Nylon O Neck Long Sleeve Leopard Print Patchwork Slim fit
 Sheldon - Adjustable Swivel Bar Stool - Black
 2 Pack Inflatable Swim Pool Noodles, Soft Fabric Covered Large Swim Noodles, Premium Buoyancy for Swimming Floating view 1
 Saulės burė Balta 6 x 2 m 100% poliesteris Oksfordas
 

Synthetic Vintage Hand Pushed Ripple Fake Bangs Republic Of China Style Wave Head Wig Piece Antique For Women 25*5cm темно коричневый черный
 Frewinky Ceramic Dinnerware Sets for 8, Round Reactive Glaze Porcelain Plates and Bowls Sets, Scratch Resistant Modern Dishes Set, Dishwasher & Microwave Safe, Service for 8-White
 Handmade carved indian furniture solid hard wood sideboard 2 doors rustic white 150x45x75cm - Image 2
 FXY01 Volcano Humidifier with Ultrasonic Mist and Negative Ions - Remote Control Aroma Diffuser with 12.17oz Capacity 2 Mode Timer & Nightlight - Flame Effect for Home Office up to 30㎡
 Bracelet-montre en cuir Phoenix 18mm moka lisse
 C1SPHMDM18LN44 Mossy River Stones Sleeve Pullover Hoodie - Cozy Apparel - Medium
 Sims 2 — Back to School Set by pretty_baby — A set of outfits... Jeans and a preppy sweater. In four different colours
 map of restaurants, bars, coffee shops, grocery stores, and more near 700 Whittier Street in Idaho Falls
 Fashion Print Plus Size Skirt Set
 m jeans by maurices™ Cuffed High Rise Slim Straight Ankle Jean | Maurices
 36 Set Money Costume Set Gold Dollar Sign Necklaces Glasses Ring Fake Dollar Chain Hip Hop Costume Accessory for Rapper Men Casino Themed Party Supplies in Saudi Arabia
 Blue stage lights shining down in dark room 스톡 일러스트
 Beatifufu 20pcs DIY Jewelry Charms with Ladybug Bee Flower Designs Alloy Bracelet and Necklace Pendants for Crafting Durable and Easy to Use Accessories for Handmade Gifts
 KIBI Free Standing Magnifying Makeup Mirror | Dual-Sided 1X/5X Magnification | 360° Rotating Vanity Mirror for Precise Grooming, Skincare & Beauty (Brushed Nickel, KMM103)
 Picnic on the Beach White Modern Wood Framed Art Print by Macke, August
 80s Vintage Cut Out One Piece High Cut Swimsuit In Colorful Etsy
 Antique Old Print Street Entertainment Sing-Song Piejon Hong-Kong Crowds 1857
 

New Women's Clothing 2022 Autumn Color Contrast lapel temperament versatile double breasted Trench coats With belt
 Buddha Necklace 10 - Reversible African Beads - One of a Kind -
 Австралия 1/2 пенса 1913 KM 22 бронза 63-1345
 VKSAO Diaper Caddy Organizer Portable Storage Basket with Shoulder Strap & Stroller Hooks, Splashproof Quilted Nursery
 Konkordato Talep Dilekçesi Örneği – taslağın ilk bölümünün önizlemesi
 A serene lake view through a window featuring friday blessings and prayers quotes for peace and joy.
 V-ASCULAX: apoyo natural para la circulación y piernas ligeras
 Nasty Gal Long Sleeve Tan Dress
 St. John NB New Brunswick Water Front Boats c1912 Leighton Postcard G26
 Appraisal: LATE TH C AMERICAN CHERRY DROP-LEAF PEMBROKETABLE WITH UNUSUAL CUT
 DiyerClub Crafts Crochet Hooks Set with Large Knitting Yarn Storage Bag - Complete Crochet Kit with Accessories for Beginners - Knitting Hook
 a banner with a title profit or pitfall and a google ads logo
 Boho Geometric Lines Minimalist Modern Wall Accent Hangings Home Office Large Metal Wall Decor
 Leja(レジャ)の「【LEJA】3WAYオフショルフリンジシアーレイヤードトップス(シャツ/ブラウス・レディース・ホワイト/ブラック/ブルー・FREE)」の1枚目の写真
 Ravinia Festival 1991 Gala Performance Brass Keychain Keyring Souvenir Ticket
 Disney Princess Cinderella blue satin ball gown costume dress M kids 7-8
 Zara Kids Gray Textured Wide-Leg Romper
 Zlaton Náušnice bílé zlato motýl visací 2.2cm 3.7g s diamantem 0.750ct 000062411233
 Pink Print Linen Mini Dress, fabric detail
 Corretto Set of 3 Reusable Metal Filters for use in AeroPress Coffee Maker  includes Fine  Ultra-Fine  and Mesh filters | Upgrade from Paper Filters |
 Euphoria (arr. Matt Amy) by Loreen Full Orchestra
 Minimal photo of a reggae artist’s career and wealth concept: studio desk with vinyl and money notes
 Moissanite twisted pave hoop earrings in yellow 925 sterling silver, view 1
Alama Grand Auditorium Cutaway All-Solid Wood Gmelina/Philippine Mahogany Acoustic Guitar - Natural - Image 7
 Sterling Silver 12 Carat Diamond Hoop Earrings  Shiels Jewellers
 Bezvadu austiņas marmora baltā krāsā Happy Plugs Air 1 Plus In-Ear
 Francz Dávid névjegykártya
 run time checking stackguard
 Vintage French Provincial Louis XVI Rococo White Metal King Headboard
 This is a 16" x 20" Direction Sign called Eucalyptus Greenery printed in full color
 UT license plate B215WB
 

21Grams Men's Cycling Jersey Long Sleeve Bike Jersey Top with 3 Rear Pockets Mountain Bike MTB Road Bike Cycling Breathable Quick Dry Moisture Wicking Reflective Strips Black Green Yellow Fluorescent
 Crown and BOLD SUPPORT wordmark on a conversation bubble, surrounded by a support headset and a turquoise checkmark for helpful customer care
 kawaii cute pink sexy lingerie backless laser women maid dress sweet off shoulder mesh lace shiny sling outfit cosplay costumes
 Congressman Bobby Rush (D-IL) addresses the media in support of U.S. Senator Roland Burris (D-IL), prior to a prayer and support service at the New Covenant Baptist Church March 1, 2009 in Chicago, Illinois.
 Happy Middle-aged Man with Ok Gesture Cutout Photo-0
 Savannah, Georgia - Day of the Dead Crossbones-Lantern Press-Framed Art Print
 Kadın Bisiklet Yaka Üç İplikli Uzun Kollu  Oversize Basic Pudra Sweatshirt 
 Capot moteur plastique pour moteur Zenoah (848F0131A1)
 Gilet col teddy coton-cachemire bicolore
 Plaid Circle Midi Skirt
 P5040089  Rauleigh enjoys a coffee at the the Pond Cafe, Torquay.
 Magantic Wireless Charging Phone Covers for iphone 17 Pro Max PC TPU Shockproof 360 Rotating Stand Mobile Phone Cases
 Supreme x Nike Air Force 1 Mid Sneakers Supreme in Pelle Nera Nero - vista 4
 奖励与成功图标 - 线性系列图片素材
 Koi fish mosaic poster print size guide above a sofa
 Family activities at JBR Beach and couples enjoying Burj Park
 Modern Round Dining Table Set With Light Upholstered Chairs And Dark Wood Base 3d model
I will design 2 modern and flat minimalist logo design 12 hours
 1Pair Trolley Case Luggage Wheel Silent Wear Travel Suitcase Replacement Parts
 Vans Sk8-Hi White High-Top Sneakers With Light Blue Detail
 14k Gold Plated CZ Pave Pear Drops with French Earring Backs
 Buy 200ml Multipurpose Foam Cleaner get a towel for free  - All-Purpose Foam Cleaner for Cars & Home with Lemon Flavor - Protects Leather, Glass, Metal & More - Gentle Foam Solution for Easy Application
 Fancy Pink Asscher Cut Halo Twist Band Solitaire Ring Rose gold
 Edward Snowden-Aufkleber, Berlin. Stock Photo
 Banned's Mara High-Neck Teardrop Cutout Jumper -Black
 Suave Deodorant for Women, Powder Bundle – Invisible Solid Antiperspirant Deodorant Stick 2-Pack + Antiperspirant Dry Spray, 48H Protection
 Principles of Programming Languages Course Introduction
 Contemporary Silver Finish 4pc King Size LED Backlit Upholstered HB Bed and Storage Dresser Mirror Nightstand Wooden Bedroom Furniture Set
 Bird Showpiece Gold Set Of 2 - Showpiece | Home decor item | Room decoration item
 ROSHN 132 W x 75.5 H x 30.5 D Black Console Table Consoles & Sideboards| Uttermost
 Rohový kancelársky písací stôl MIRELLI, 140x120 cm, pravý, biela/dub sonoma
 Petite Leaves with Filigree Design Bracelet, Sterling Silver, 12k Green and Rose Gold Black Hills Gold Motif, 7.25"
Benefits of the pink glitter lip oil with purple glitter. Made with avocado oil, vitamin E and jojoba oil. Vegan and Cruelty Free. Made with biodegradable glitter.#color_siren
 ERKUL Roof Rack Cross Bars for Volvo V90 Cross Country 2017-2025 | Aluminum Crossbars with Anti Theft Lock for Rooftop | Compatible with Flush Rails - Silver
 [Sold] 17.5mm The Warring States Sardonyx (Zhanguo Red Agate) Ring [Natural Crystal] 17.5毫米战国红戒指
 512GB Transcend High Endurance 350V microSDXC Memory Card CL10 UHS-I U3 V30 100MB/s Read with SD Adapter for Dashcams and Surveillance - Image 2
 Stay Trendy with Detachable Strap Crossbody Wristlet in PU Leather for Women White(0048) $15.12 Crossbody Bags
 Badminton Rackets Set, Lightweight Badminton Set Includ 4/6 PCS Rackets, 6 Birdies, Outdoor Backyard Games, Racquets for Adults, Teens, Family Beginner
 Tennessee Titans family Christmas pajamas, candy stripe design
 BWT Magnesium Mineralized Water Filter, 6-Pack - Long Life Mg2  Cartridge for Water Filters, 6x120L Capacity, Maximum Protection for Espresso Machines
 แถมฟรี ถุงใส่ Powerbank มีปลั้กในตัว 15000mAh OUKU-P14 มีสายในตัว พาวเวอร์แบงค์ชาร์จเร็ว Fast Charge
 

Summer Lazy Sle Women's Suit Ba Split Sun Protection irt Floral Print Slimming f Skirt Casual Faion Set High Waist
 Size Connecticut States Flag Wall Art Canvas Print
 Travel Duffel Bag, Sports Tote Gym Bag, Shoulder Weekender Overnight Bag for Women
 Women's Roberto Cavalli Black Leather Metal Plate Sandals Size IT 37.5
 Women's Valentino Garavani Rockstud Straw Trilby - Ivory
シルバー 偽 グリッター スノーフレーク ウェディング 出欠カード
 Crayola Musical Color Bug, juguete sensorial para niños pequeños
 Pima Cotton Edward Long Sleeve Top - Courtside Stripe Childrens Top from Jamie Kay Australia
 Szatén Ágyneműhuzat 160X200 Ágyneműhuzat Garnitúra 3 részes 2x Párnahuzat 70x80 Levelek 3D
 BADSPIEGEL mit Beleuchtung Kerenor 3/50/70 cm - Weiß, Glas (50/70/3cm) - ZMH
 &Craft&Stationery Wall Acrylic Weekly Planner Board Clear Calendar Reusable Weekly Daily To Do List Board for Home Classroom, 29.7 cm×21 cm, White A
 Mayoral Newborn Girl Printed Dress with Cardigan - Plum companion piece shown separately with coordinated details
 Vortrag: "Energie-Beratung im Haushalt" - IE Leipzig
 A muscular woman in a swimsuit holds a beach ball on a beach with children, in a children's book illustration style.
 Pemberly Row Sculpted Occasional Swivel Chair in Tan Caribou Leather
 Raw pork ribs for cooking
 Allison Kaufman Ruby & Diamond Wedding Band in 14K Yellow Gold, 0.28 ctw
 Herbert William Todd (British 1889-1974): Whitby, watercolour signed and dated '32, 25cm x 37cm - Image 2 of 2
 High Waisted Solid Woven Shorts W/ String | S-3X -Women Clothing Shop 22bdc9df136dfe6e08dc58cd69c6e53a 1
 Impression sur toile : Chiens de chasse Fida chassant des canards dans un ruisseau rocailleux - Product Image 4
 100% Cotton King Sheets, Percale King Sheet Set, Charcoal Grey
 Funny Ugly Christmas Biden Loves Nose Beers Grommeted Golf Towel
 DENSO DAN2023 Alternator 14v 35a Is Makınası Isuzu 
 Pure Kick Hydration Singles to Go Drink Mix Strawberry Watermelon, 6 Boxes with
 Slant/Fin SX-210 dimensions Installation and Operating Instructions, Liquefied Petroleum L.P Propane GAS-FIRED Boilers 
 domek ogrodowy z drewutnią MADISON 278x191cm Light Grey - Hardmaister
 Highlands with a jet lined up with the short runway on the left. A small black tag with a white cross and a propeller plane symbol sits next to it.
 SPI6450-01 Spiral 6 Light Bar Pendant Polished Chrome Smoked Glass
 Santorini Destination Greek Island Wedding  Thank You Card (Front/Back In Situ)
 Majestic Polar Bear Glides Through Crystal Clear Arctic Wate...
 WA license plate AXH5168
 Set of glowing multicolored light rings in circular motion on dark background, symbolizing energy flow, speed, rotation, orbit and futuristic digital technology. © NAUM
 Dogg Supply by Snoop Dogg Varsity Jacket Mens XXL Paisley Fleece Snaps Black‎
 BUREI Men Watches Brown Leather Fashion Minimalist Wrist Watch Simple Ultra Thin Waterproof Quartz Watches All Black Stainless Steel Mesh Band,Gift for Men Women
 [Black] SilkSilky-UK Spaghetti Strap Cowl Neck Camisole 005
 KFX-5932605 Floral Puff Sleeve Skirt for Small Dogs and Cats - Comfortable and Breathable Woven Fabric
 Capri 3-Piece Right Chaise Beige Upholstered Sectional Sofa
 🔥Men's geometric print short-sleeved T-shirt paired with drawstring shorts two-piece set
####
§ **What this task involves**: An exact copy of the lines above, from the one containing "2 Pack Inflatable" through the one containing "Synthetic Vintage Hand", is the whole of the answer.

§ **Output of the task**:
 2 Pack Inflatable Swim Pool Noodles, Soft Fabric Covered Large Swim Noodles, Premium Buoyancy for Swimming Floating view 1
 Saulės burė Balta 6 x 2 m 100% poliesteris Oksfordas
 

Synthetic Vintage Hand Pushed Ripple Fake Bangs Republic Of China Style Wave Head Wig Piece Antique For Women 25*5cm темно коричневый черный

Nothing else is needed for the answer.